Comanches renamed a medicine man when his magical prediction failed in combat

Team Mighty
Aug 2, 2022 5:27 AM PDT
3 minute read
Wars photo

SUMMARY

In 1874, the Comanche tribe was fighting for its very survival. Though decades past the height of their power on…

In 1874, the Comanche tribe was fighting for its very survival. Though decades past the height of their power on the Great Plains, the Comanches were not going down without a fight. They were long the dominant tribe on the plains and were known to aggressively resist Mexican or American expansion into Comancheria, their homeland. 

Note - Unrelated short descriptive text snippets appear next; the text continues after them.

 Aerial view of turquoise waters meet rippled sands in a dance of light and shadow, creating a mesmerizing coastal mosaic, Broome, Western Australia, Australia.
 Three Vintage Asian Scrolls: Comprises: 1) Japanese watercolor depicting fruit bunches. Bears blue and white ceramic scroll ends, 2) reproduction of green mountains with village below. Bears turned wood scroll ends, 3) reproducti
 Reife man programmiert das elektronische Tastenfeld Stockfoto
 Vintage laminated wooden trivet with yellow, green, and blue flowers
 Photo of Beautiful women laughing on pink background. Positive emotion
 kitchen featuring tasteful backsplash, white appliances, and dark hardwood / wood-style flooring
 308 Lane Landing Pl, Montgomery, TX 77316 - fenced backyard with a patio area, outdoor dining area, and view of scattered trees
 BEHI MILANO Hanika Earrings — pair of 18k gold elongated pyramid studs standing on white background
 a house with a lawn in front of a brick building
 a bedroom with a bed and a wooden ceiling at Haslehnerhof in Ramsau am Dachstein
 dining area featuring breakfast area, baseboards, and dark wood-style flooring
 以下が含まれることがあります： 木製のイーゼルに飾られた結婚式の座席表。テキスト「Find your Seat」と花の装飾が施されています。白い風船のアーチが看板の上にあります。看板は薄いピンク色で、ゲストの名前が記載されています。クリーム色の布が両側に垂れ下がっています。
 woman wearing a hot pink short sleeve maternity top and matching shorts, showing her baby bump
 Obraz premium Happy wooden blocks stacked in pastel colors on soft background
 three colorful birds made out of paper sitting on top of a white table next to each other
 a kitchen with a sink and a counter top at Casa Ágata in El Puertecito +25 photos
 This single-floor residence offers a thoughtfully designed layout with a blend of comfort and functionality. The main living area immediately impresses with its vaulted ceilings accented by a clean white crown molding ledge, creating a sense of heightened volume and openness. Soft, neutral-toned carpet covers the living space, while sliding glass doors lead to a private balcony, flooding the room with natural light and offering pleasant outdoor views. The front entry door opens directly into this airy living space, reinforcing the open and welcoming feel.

The U.S. Army was trying to expel not just the Comanche, but also the Kiowa, Cheyenne and Arapaho nations out of the southern Great Plains, forcing them to resettle inside the Indian Territory, in what is today Oklahoma. 

The tribes were in violation of the 1867 Medicine Lodge Treaty which called for them to stop their aggression against settlers moving west in exchange for housing, agricultural training and supplies. For a time, the treaty worked but settlers soon began thinning out Buffalo herds to sell hides, threatening the tribes’ way of life. 

Comanches stood up to fight the settlers and the U.S. Government in what would become known as the Red River War. Their leader, Kwihnai Tosabitʉ – Comanche for “White Eagle” – was a Comanche medicine man who preached that a great war between the natives and the white men who were killing the buffalo was unavoidable.

Kwihnai Tosabitʉ claimed that he had ascended to the skies, flew above the clouds and spoke with the Great Spirit. He told his fellow tribesmen the Great Spirit had given him incredible powers that would help revive their once-great people and rid them of the white men forever. He claimed he could cure the sick, raise the dead and control the weather. 

Most importantly, he claimed he could stop the white man’s bullets from flying and when he couldn’t, he would make the Comanche warriors immune to gunshots. When he correctly predicted both a drought and astronomical events, the people of his tribe believed he was imbued with the powers he claimed, and they were ready to go to war with the U.S. 

An overwhelming number of warriors rallied to this cause, prepared to go to war with the bulletproof powers provided by White Eagle. The Kiowa people rallied alongside their Comanche neighbors and prepared for their own attacks.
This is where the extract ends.